歌詞、加える歌、加える言葉と書いて歌詞ですね。 そこを作ったのが、お笑い芸人さんの名前が付け加えられた。
だから作詞家は誰々さん、作曲家さんは誰々さん、元の人ですね、大元の人。 で、歌詞、加える言葉と書いて歌詞。これが
お笑い芸人さんの名前ですね。

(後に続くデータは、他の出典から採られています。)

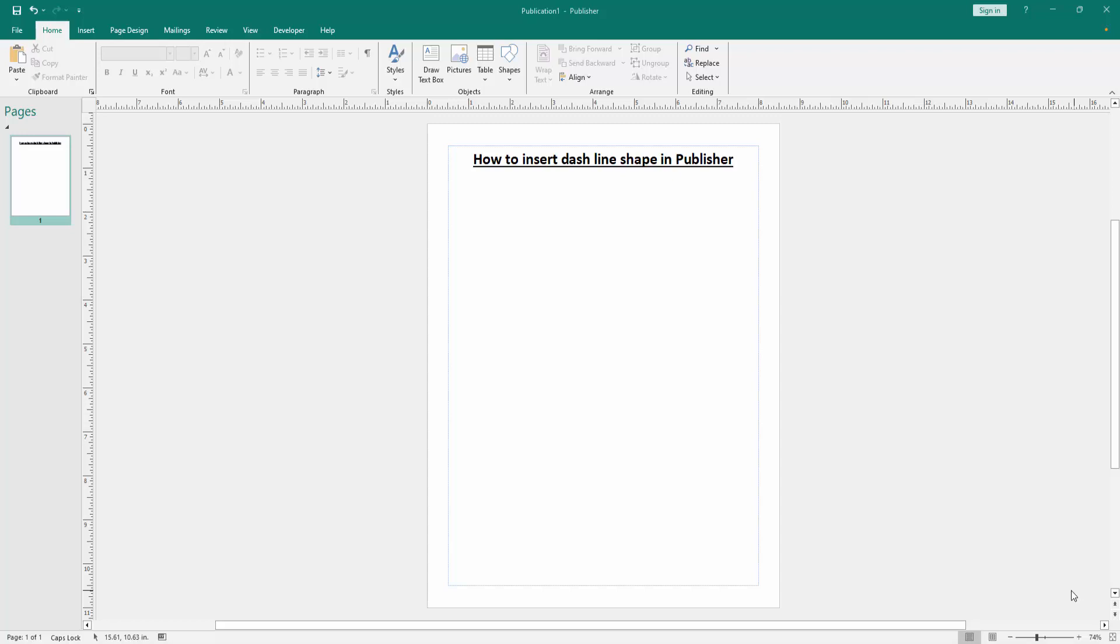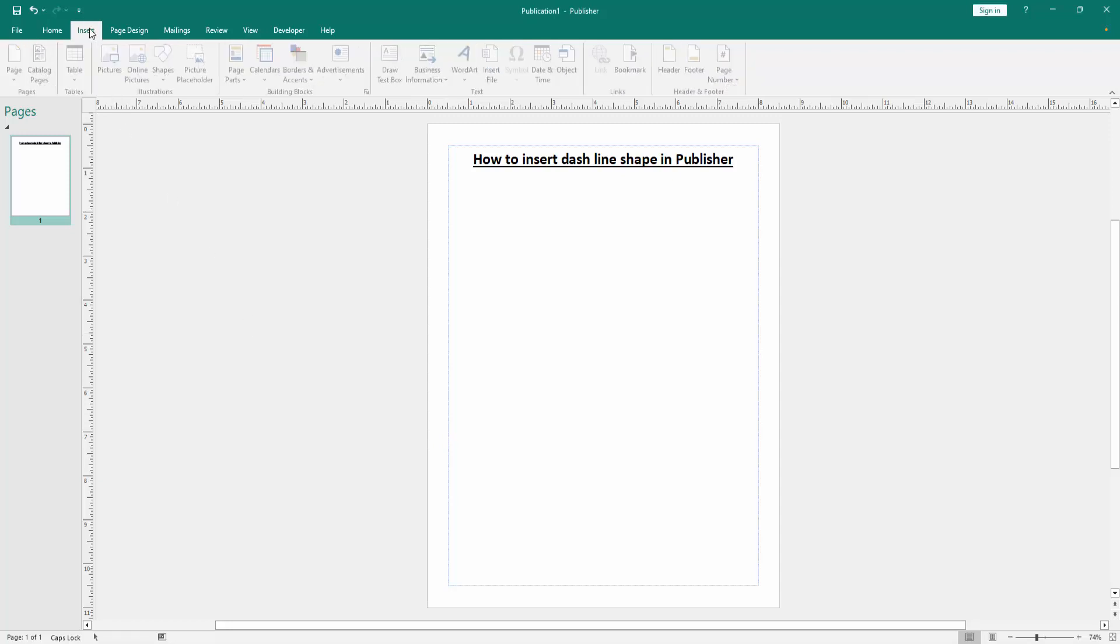Firstly, we have to open a Publisher document. Now we want to insert dashed line shape in this document. Go to the insert menu.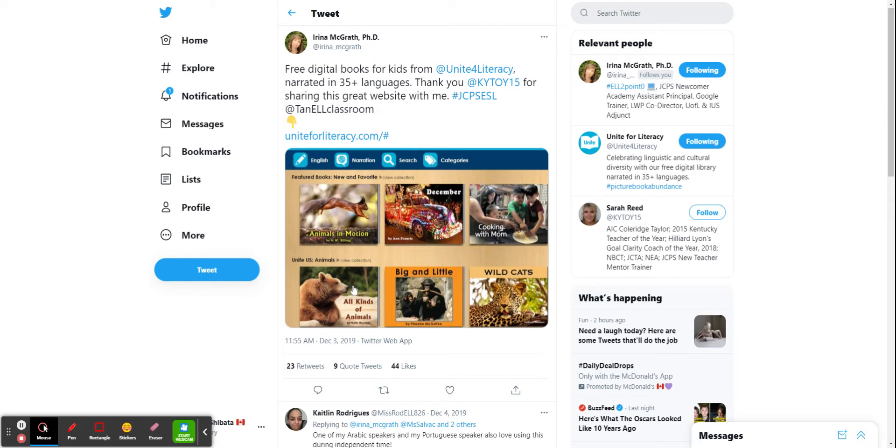So let's say I found this great tweet here by Irina McGrath and I say, oh gosh, I would love my folks to see that as well.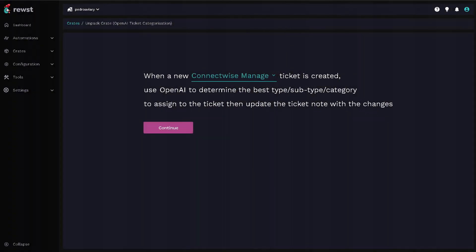The first crate we'll talk about is ticket categorization. This crate uses AI to categorize the ticket using your PSA's built-in type, subtype, and items.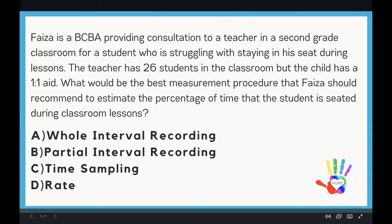The question reads: FISA is a BCBA providing consultation to a teacher in a second-grade classroom for a student who is struggling with staying in his seat during lessons. The teacher has 26 students in the classroom, but the child has a one-on-one aide. What would be the best measurement procedure that FISA should recommend to estimate the percentage of time that the student is seated during classroom lessons? A) whole interval recording, B) partial interval recording, C) time sampling, D) rate.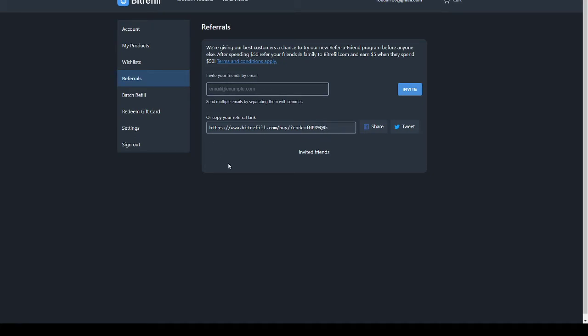Or you can just click this link right here and it will give you $50 for free. Literally 50 bucks for free if you use this code on Bitrefill.com, which is a brand new Bitcoin site for Canadian users.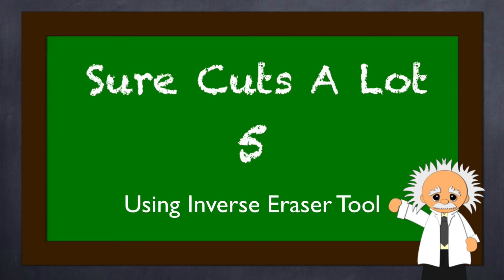All right. Hello everyone. Rob here, ScrappyDoo.com. In this video, just doing a quick little help session.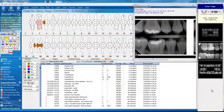Welcome to the Dentimax tip of the week. Today we're going to talk about the charting screen, how to modify the charting screen. The charting screen is found in the advanced versions of Dentimax.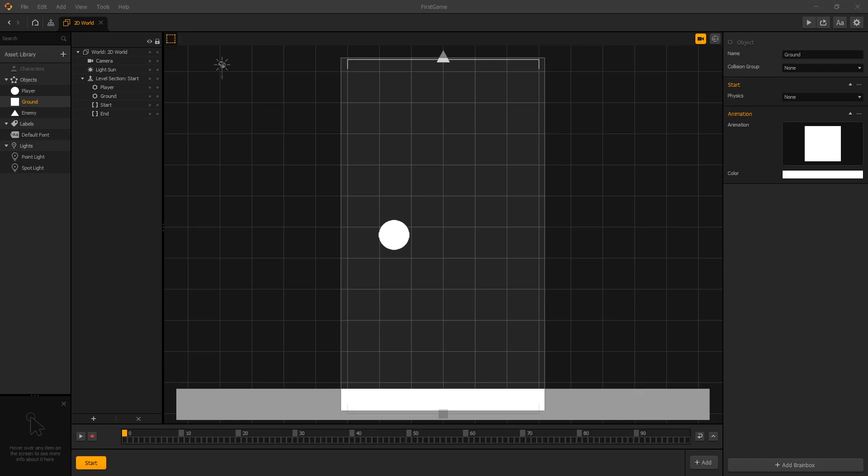Hi there and welcome back. In the last video we showed how you can place assets into your scene and the challenge you were given was to add a ground at the top and some enemies.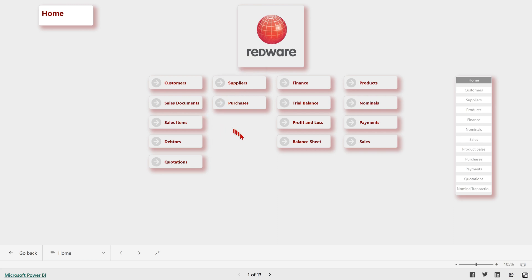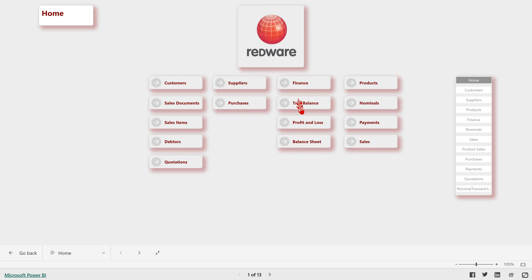But first, let's have a look at some of the features of our report. So we have buttons that categorize what you want to access. You can access customers, suppliers, your finance pages, products, nominals, payments, and so on.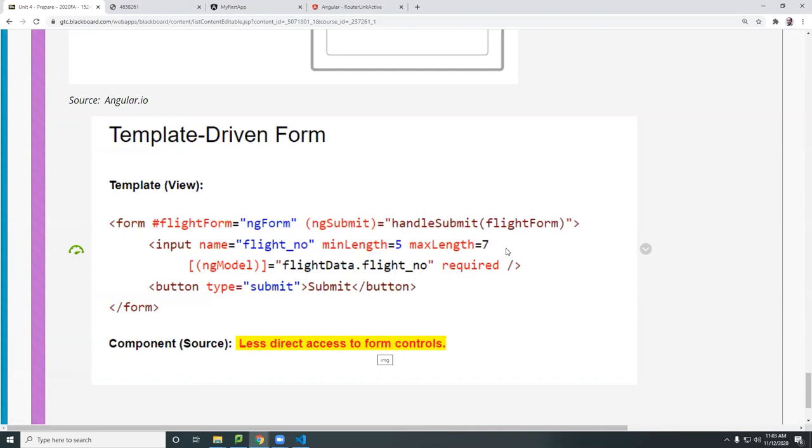But if you make changes in this content data, you have to get the data from the form. That's why the source does not have access to your form controls. You have to pass it to it or you have to bind it using the data binding so you can access directly from here.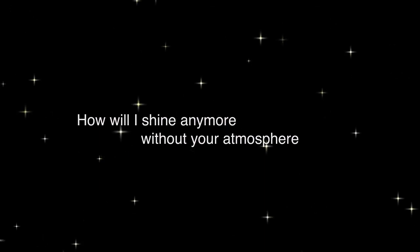Stargazer, heartbreaker, wish you were here. How will I shine anymore without your atmosphere?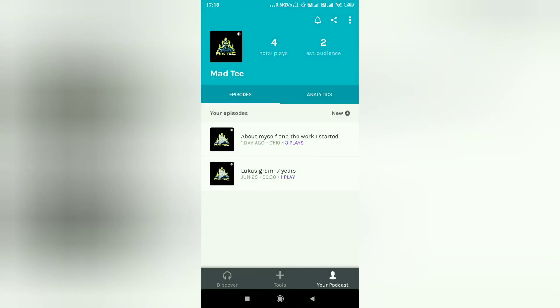I have already added a podcast — it is 1 minute and 10 seconds long. I have already got three plays, meaning three people have anonymously listened to what I said.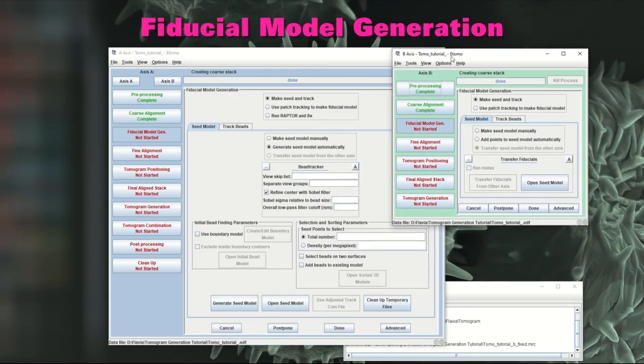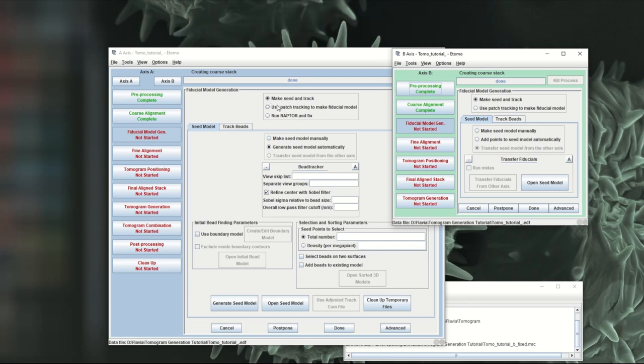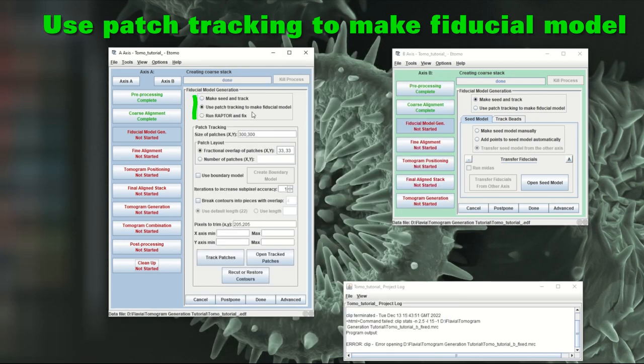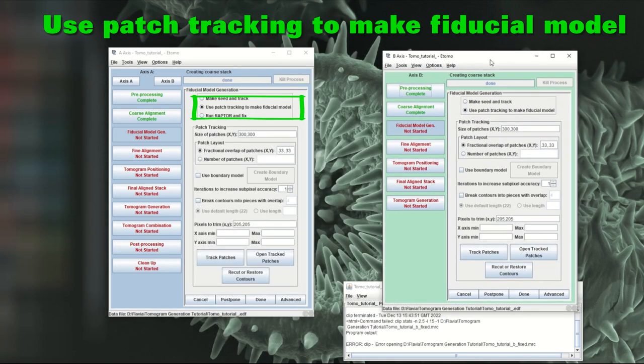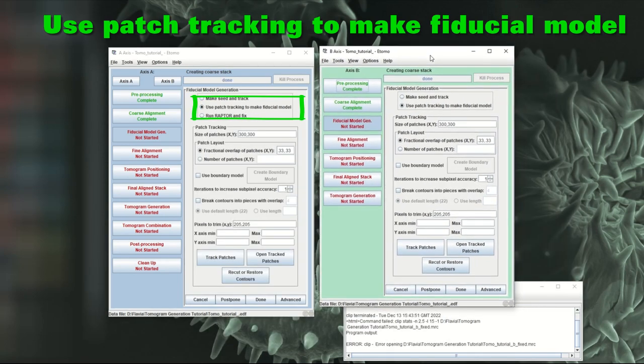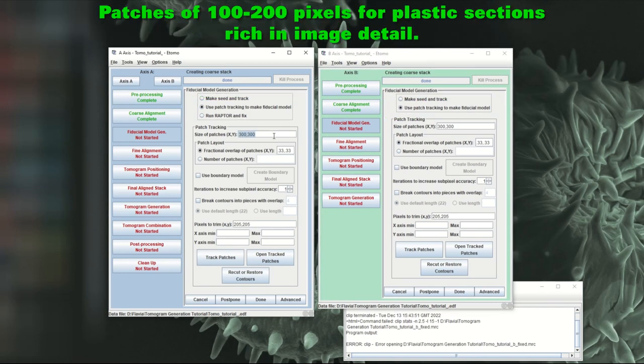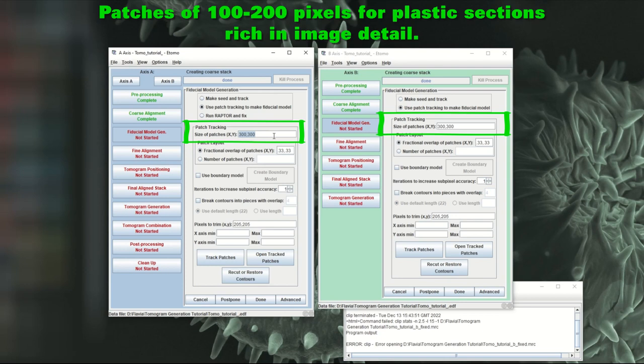So we then move on to the fiducial model generation. We do not have gold fiducial so we can't use make seed and track. So we use patch tracking. And here patch tracking again. For the patches, because this is plastic sections, you should use something up to 200 patches of up to 200 pixels. So I'm going to say 190, 190 for both of them.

だから3人の名前が出て発売されたということでございます。 このような形でね、一応裁判はね、合意できてね、めでたくCD発売できたんだけども、
やっぱ許可を取ってなかったということが一番良くなかったですね。 同一性保持権侵害だというふうに訴えられちゃってね、
CD、あわよくばね、発売できなかった、売れなかったみたいな可能性もありますから、 ぜひね、このね、著作者人格権のうちの同一性保持権、自分の作品を第三者に勝手に
いじられない権利というのがあるんだなと、ね、これ著作権の本案権、アレンジ権とは別にあるんだな、ね、いじっちゃうとダブルでね、アウトになっちゃうんだなということを覚えておいて
ください。 はい、で、この同一性保持権侵もですね、例外的にあの無許可でいじっていい場合というのがあります。例外ルールがあるんですね。
はい、これは次回以降、丁寧に解説をさせていただきたいなと思います。 最後までお聞きくださりありがとうございました。また次回一緒に勉強していきましょう。